Here is a fact check:
Crime
Trump claimed, “Our crime rate’s going through the roof.”
Facts First: Trump’s claim is false. Both violent crime and property crime dropped significantly in 2023 and in the first quarter of 2024.
There are limitations to the FBI-published data from local law enforcement – the numbers are preliminary, not all communities submitted data and the submitted data usually has some errors – so these statistics may not precisely capture the size of the recent declines in crime. But other data sources make it clear crime has indeed declined to some extent.

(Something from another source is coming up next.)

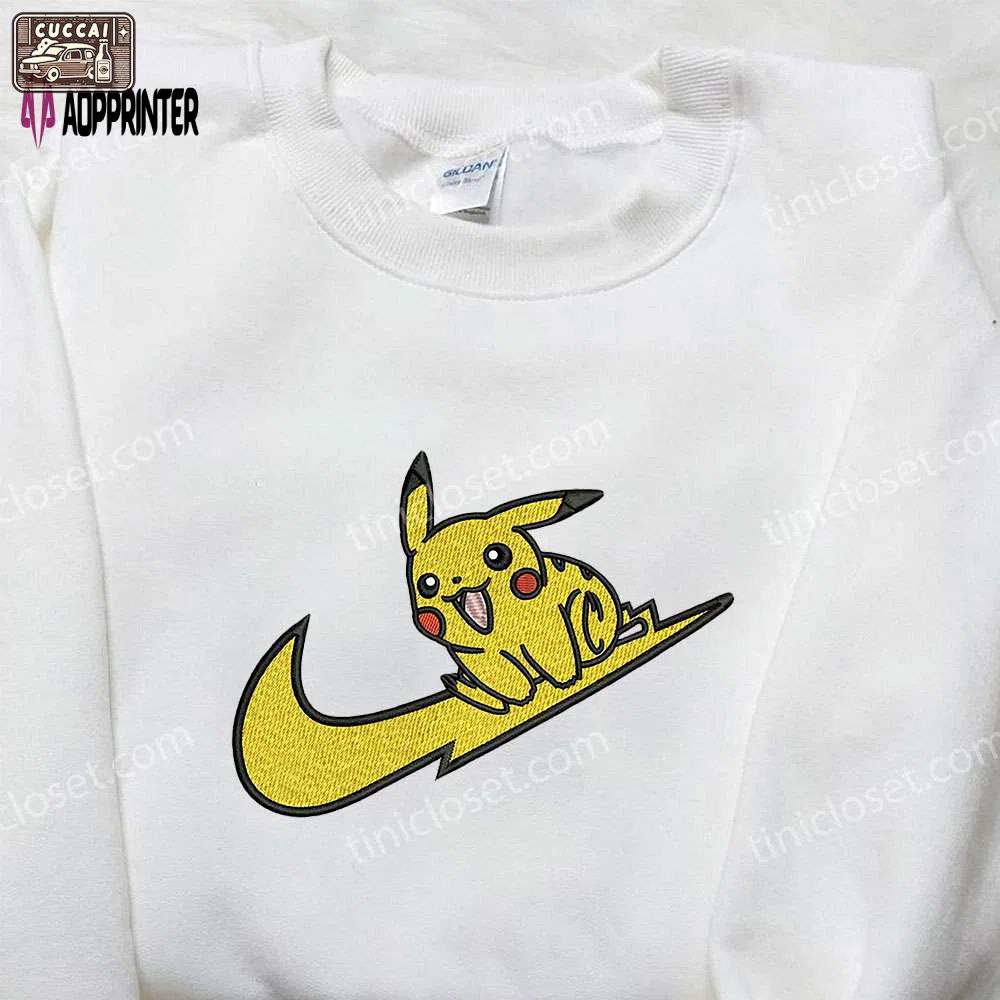 Pikachu x nike swoosh embroidered sweatshirt – pokemon & nike inspired shirt Embroidered Shirt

The preliminary FBI data for 2023 showed a roughly 13% decline in murder and a roughly 6% decline in overall violent crime compared to 2022, bringing both murder and violent crime levels below where they were in Trump’s last calendar year in office in 2020. The preliminary FBI data for the first quarter of 2024 showed an even steeper drop from the same quarter in 2023 – a roughly 26% decline in murder and roughly 15% decline in overall violent crime.
Crime data expert Jeff Asher, co-founder of the firm AH Datalytics, said earlier this year that if the final 2023 figures show a decline in murder of at least 10% from 2022, this would be the fastest US decline “ever recorded.” And he noted that both the preliminary FBI-published data from the first quarter of 2024 and also “crime data collected from several independent sources point to an even larger decline in property and violent crime, including a substantially larger drop in murder, so far this year compared to 2023, though there is still time left in the year for those trends to change.”
After Trump claimed in June that “crime is so much up,” Anna Harvey, a political science professor and director of the Public Safety Lab at New York University, noted to CNN that the claim is contradicted both by the data from the FBI and from the Major Cities Chiefs Association, which represents 70 large US police forces. She said: “It would be more accurate to say that crime is so much down.”
Inflation
Trump said, “I think we have the worst inflation we’ve had in 100 years. They say it’s 48 years, I don’t believe it.”
Facts First: Trump framed this as an opinion, but it’s baseless nonetheless – wrong in two different ways. First, even when the inflation rate hit its Biden-era peak of 9.1% in June 2022, that 9.1% rate was the highest since 1981 – between 40 and 41 years prior, certainly not “100 years” and not even “48 years.” Second, inflation has declined sharply since the June 2022 peak, and the most recent available rate at the time he spoke, for July 2024, was 3.2% – a rate that, the Biden presidency aside, was exceeded as recently as 2011.
Global warming and sea levels
Trump argued that the threat of the nuclear war is far more important than the threat posed by climate change. And he said: “The biggest threat? It’s not global warming, where the ocean’s gonna rise one eighth of an inch over the next 400 years … and you’ll have more oceanfront property, right?”
Facts First: Trump’s claim about the pace of sea-level rise is wildly inaccurate. The global average sea level is currently rising more per year than Trump claimed that it will rise in 400 years.